The project progressed through several coordinated activities:
- Community Engagement and Environmental Justice: Built local capacity and trust through consultation with neighborhood groups, environmental advocates, and regulatory authorities, ensuring that regional plans incorporated lived experience and prioritized equity.
- Visioning and Land Use Visualization: Mapped opportunities using advanced tools to integrate nature-based and stormwater management solutions into neighborhood and site designs, including prototypes for community recreation spaces and new jobs in green infrastructure.
- Technical Modeling and System Analysis: Compiled comprehensive geodatabases, mapped and evaluated natural infrastructure opportunities, and synthesized conventional and green solutions to maximize flood protection and ecosystem benefits.
- Fish and Wildlife Benefits Analysis: Crafted actionable plans to restore aquatic and terrestrial habitat, drawing from best practices and input from wildlife agencies and restoration experts, such as daylighted stream channels and large open space basins.
- Financial and Policy Analysis: Assessed economic impacts, including reduced flood insurance rates, increased property values, and job creation. These analyses helped demonstrate cost savings and the broader return on investment of nature-based approaches at municipal and regional scales.
- Project Management and Assessment: Coordinated activities among academic, technical, governmental, and community partners to ensure impactful outcomes and ongoing stakeholder engagement.
Key deliverables included a regional stakeholder engagement framework, open-source planning datasets, direct prototyping and design concepts, meta-analyses of success factors, and a suite of transfer-ready materials.

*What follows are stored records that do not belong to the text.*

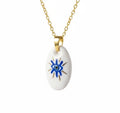 Pendentif Œil protecteur bleu et doré Talis&co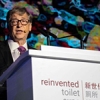 Bill Gates brandishes poo to showcase reinvented toilet tech
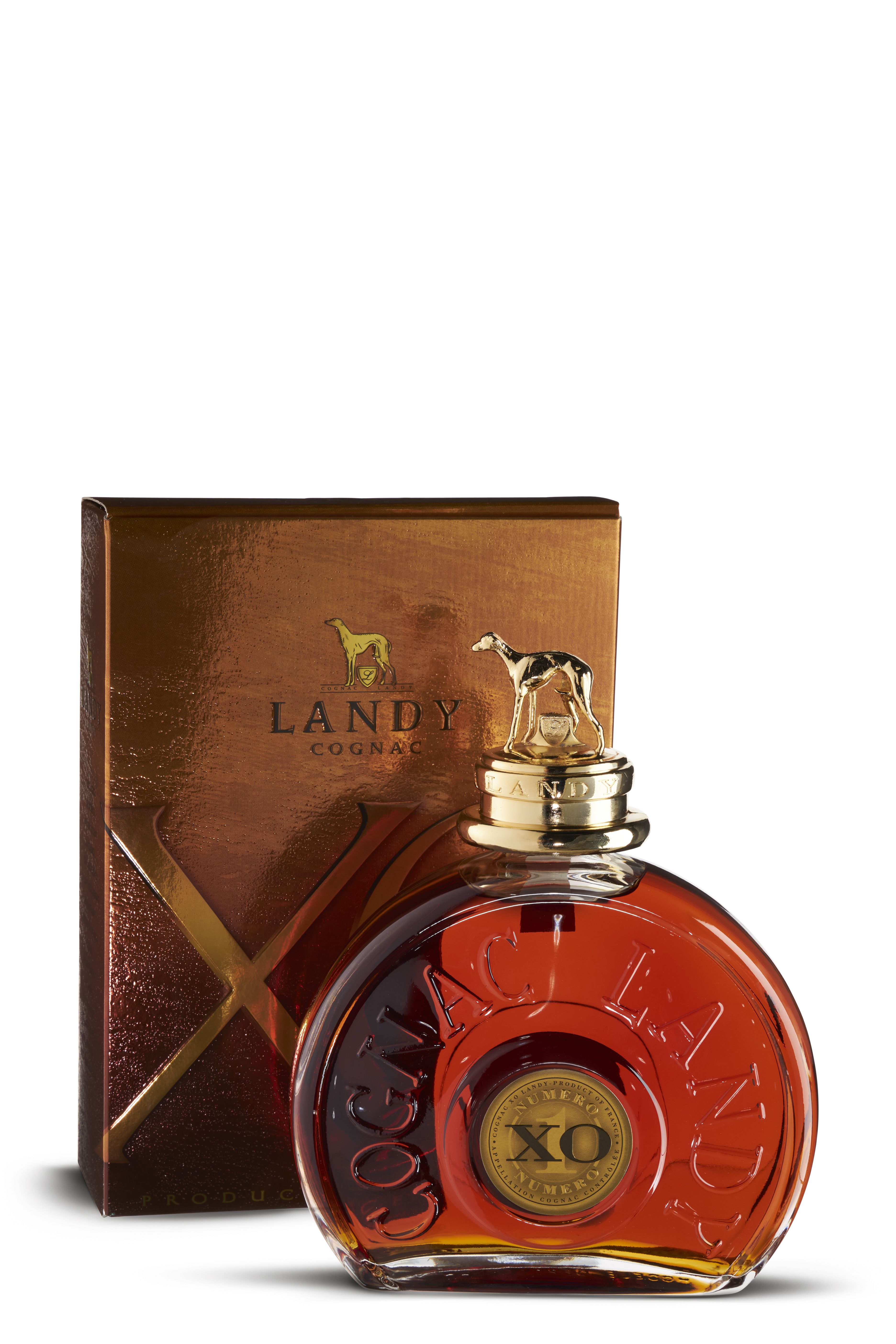 Ausgefallene Flasche Landy Cognac XO mit rundem Design und geprägter Schrift, davor eine bronzefarbene Geschenkbox. Der goldene Verschluss ist mit einer kleinen Hunde-Figur verziert. Der Cognac im Inneren glänzt in sattem Mahagoni-Bernstein.
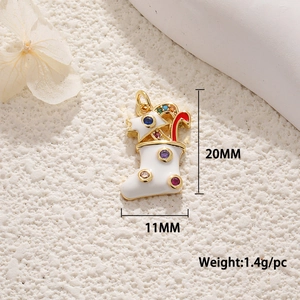 Macro view of Christmas stocking pendant with colored zircons and size details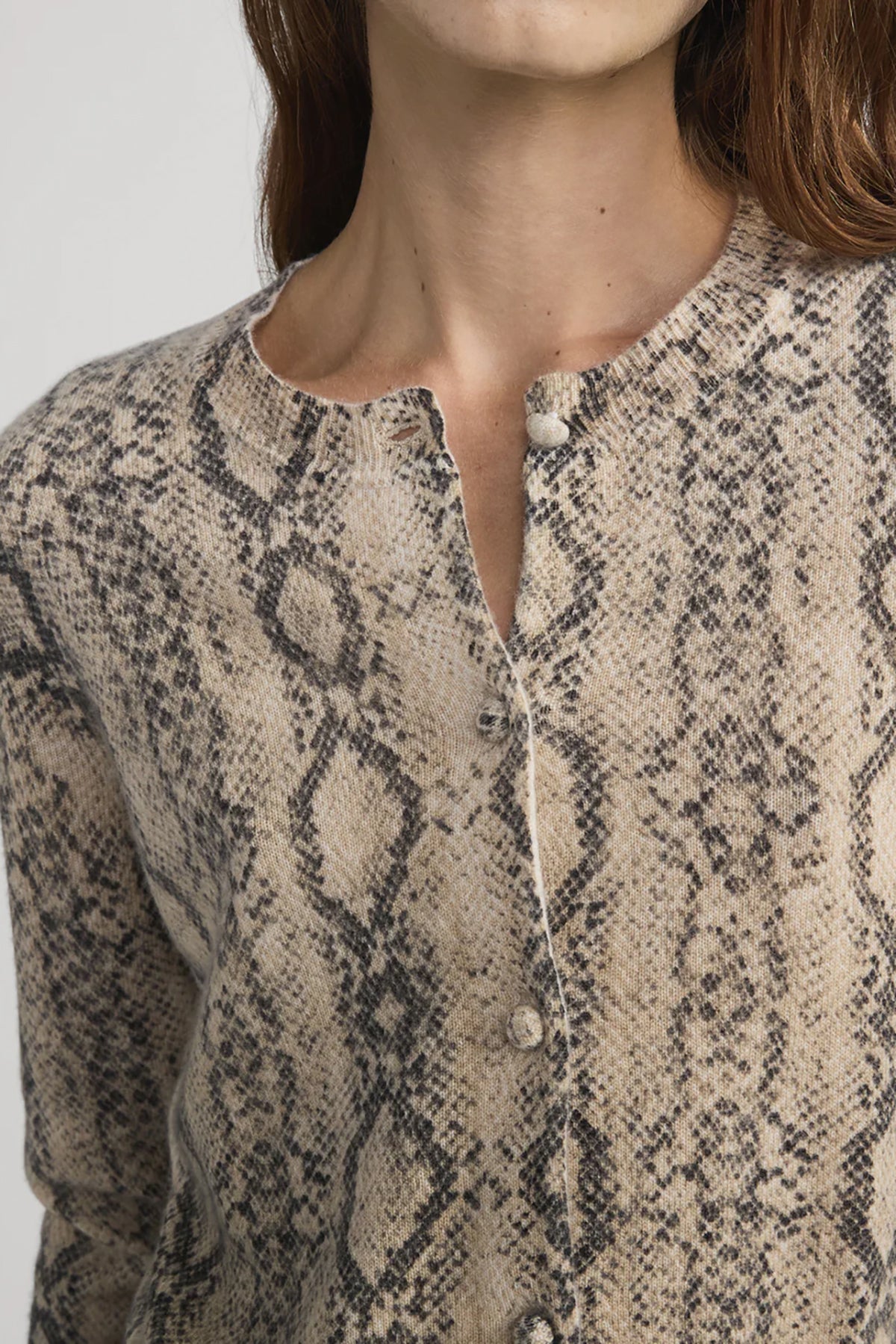 Cashmere cardigan with subtle snake pattern, styled with dark denim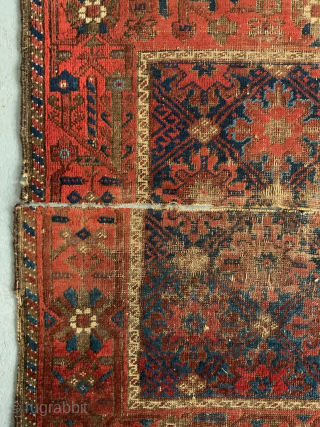 Balouch antique small mat cut and to be rejoined. The rug is cut in half but actually still connected by the selvedge warps along one side. This proves it is complete

People do  ...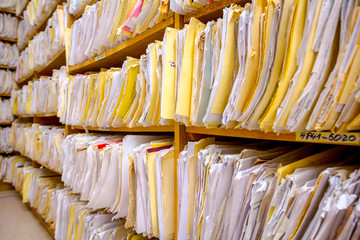 Medical files with patient information in doctor's office,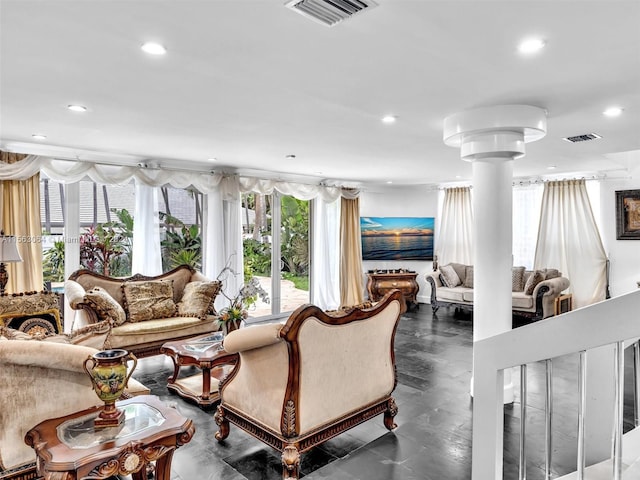 tiled living room featuring a wealth of natural light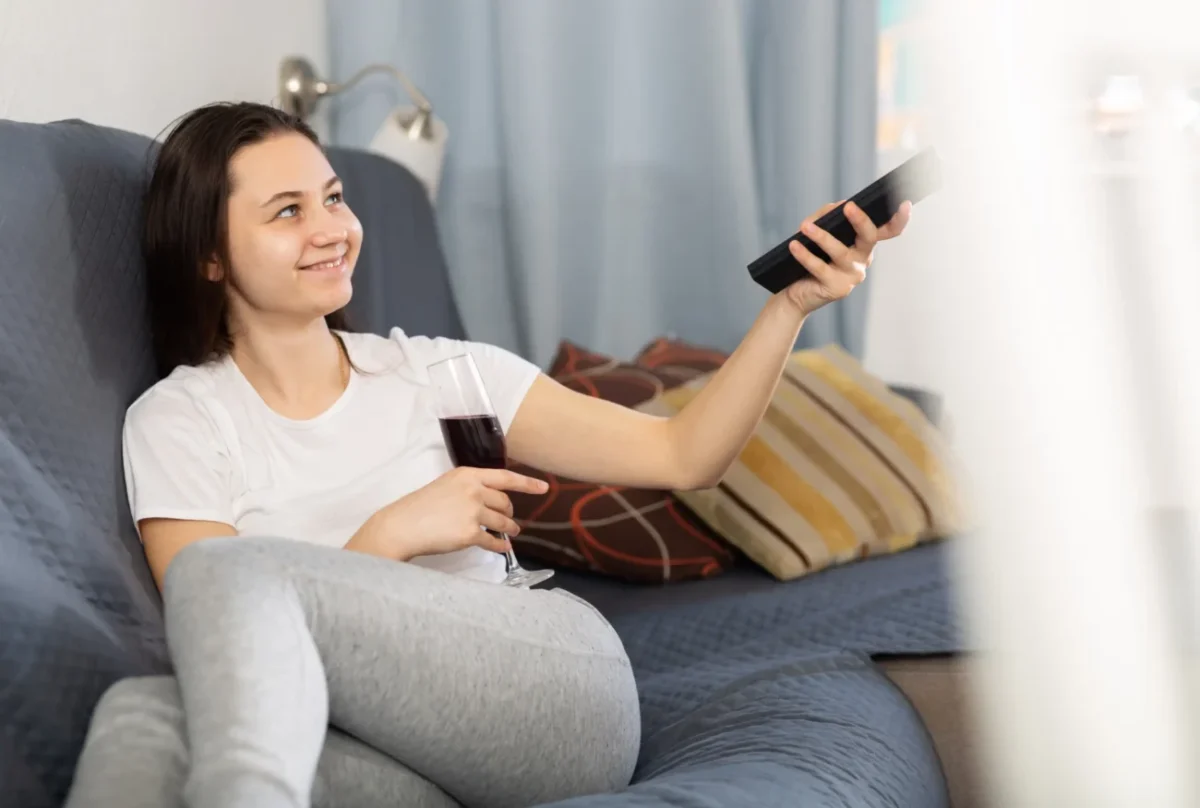 Žena míří ovladačem na televizi.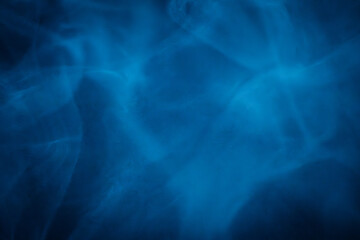 A close-up of soft, swirling blue smoke patterns creating an ethereal and dreamy abstract effect against a dark background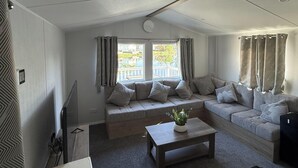 A modern living room with a sofa set, a coffee table with a plant, a television, and a window with curtains. - Static Caravan 3 Bed, Sleeps 6, Waterside, No Pets (Northampton)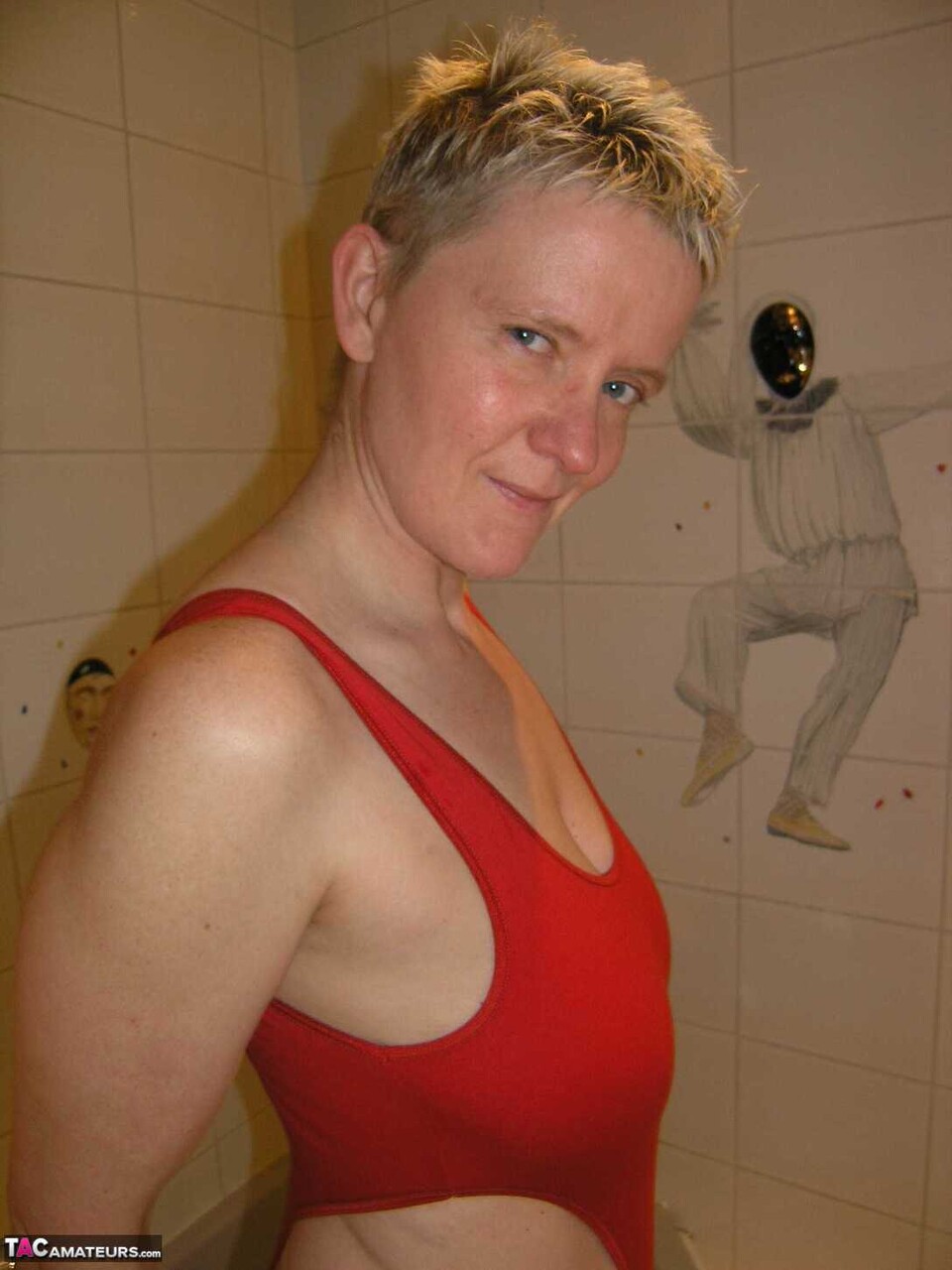Mature amateur Tiffany Pearl takes a bath while wearing glasses and a red swimsu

Anticipated outcomes included elevated regional capacity for innovation in stormwater management; scalable solutions to climate-driven flooding; improved ecosystem health and habitat connectivity; socioeconomic gains for neighborhoods through workforce development, increased property values, and improved public health; and a strengthened pipeline from planning to implementation for future projects in Southeast Michigan and beyond.
Broader Impacts
This project’s impacts are lasting and far-reaching, providing Southeast Michigan and Detroit with a model for addressing fragmented governance, limited resources, and social inequities through a transferable framework for nature-based stormwater solutions. By demonstrating the co-benefits of NbS—such as green recreation spaces, improved wildlife habitat, and enhanced water quality—the project strengthens healthier and more connected communities across racial, economic, and municipal lines.
Looking ahead, the project will actively advocate for the integration of nature-based solutions within Southeast Michigan’s regional stormwater plan, positioning NbS as a critical component of a balanced portfolio that combines “gray” and “green” infrastructure systems. As a national model, the initiative equips local governments and residents with tools to plan and manage water equitably, emphasizing climate resilience and environmental justice.
The project also lays important groundwork for future regional collaboration, aligning with open space initiatives, public park retrofits, and school-based green infrastructure projects already underway across Detroit. As extreme weather becomes more frequent, these interventions will continue to reduce flood damage, safeguard infrastructure, and nurture biodiversity—while empowering a new generation of climate leaders and resilient Great Lakes communities.
Funder: Michigan National Fish and Wildlife Foundation (NFWF)
Budget: $500,000
Partners: University of Michigan, Wayne State University, Michigan State University and Limnotech, Inc.